One House GOP aide, speaking on condition of anonymity given the sensitivity of the open position, joked that the homeland security spot was the appropriations panel’s “redheaded stepchild.”
Clinching a top role on the House Appropriations Committee — which distributes over $1 trillion in federal spending each year — is typically one of the Capitol’s most sought-after positions. That’s particularly true under divided government, when little beyond funding bills have a strong chance to reach a president’s desk. Leading the committee’s defense or transportation efforts, for instance, could mean handing out millions of dollars to military bases or bridge projects back home, often with a subcommittee chair’s name branded on them for years to come.
It’s a far different story with the homeland security spending panel, however. Its leaders are rarely able to get their bill out of committee, let alone passed on the House floor.
As the panel wrangles touchy issues that range from border patrol staffing to detention beds to enforcement agents, any success will require negotiating with the opposing party on immigration — the very idea of which has become tougher since the Trump era.
“It’s the hardest one. Neither side seems to be able to get a bill together,” said Rep. Tom Cole (R-Okla.). “It creates a lot of political problems for you at home.”
GOP leaders have some time before they, along with incoming Appropriations Chair Rep. Kay Granger (R-Texas), will need to name the dozen subcommittee leaders known as “cardinals,” a deliberate comparison to the might of the Catholic Church.
Republicans and Democrats alike are eagerly awaiting the selection of those leaders, which will partially depend on whether Kevin McCarthy’s leadership team grants waivers to allow more senior members to remain in top positions despite conference term-limit rules.
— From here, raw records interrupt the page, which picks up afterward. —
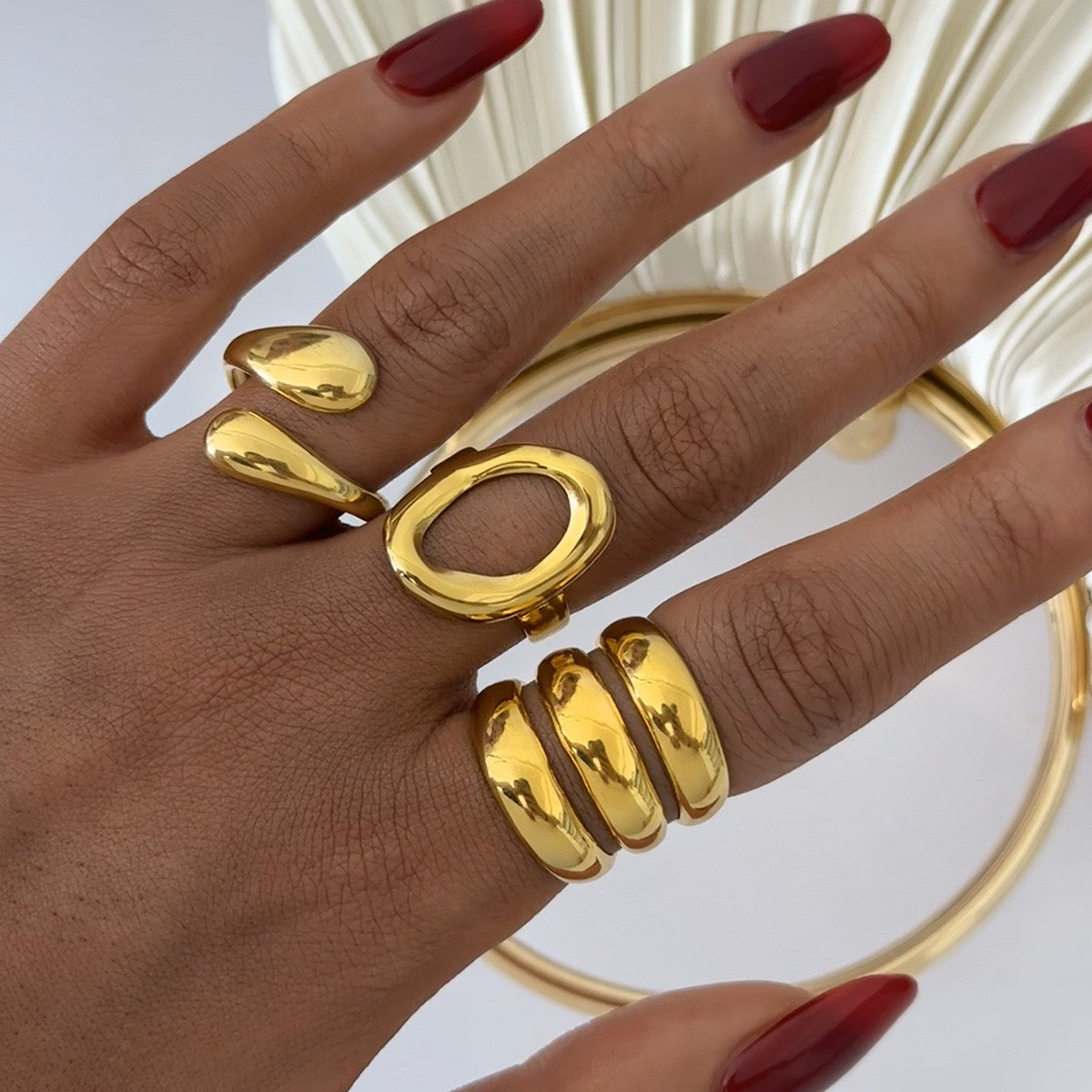 Atlanta Oval rings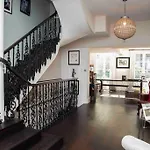 Stunning Townhouse In Beautiful Notting Hill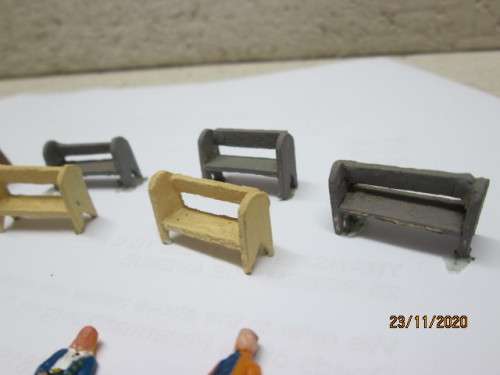 HO SCALE: X10 VARIOUS FIGURINES + X7 BENCES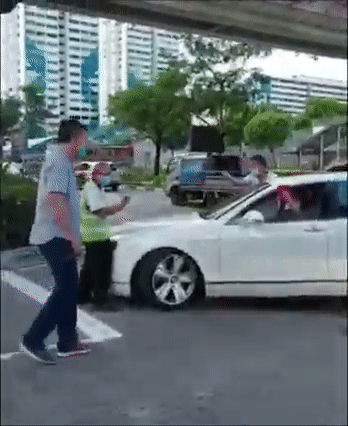 对话曝光!新加坡“宾利男”开车冲撞学校保安,被全岛痛骂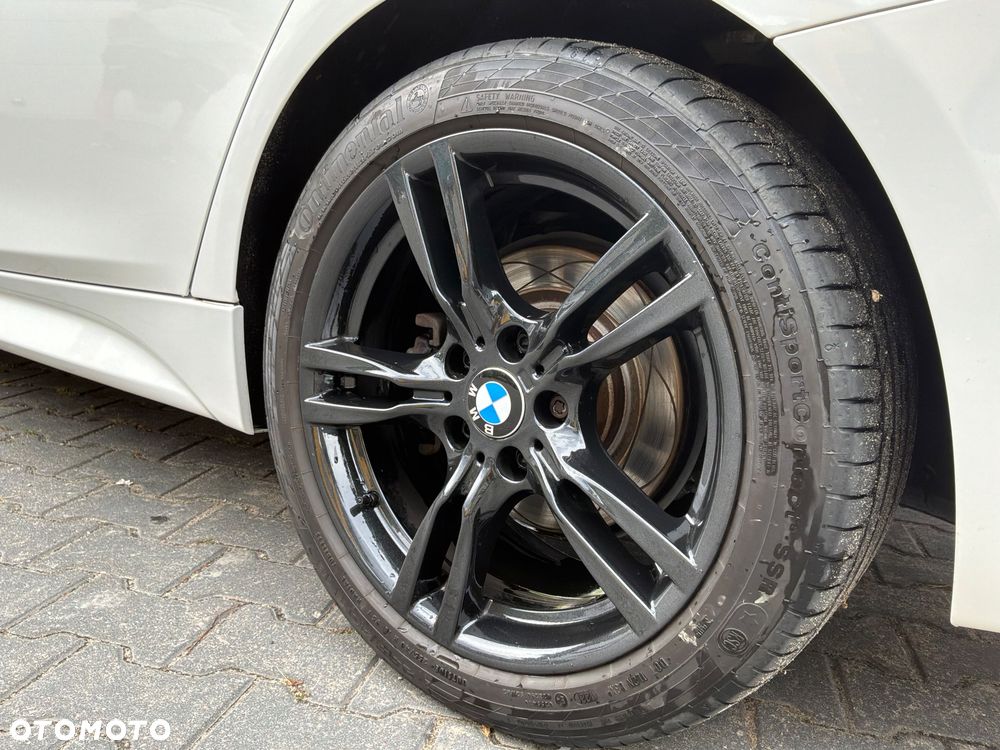 BMW Seria 3 320i M Sport - 36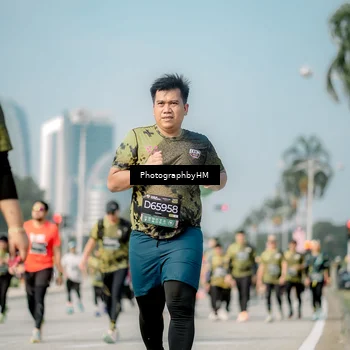 Runner Photo 6725241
Those waivers have been used in the past, though some GOP lawmakers and aides privately say it’s uncertain how widespread they will be next year.
For his part, Fleischmann has made clear to GOP leaders he wants either the Energy and Water or the Labor and Health and Human Services panel: “Those decisions will be made higher than me but I’ve made clear for months that I want one of the other two.”
If he is moved from the homeland security panel, the next Republican in line would have been Rep. Steven Palazzo (R-Miss.) — but the six-term member lost his primary this year. Some Republicans believe another appropriator, former sheriff Rep. John Rutherford (R-Fla.), might be interested in the gig.
There’s at least one more shakeup coming on the roster of appropriations cardinals: Rep. Jaime Herrera Beutler (R-Wash.) also lost her primary this year, giving up her potential role as top Republican on the panel that sets legislative branch spending.
Whoever does take over the homeland security panel will work with Rep. Henry Cuellar (D-Texas), a vocal critic of President Joe Biden’s migration policy who has long advocated for more support for border patrol and Immigration and Customs Enforcement, as well as stricter rules at the border. The pair would still likely face challenges getting agreement on such contentious issues, but some Republicans believe that if there’s any Democrat they could reach a deal with on border money, it would be the centrist Cuellar.
Still, immigration isn’t the only headache waiting for a panel that oversees everything from the Secret Service to the Coast Guard.
“From its outset, we knew it would be a difficult assignment because we were trying to merge 22 different agencies under one roof,” said Rep. Hal Rogers (R-Ky.), who was the first lawmaker to oversee the panel back in 2003. “It’s a tough assignment.”
Nicholas Wu contributed to this report.